━━ Supplied information ━━

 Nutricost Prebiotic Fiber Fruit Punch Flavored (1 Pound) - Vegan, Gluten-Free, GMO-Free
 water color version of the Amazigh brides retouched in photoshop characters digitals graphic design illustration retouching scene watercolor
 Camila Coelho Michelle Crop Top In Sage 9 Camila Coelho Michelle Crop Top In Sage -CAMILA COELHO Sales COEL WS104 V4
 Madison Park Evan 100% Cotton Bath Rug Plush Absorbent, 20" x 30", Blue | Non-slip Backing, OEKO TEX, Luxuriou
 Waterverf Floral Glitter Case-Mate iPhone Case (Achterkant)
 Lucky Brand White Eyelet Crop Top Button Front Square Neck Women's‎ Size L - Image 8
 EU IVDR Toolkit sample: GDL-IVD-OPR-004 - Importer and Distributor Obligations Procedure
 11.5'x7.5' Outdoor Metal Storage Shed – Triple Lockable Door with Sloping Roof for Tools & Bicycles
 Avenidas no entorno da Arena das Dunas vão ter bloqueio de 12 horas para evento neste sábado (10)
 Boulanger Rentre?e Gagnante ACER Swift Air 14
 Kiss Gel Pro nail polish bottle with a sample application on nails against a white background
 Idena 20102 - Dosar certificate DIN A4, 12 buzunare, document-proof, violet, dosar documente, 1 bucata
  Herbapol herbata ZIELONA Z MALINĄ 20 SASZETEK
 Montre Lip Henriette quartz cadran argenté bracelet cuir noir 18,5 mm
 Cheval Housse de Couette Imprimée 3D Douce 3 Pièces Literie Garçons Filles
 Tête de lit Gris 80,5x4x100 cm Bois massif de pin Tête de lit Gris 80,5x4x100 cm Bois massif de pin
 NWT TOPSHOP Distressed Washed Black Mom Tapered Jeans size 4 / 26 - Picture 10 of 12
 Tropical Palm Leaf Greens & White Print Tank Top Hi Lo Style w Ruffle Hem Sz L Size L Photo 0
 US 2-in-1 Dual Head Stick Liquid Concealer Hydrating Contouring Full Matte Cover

━━━

Exercise: For the word "Crop", tally the lines above that hold it and answer with the number alone.

Answer for this exercise: 2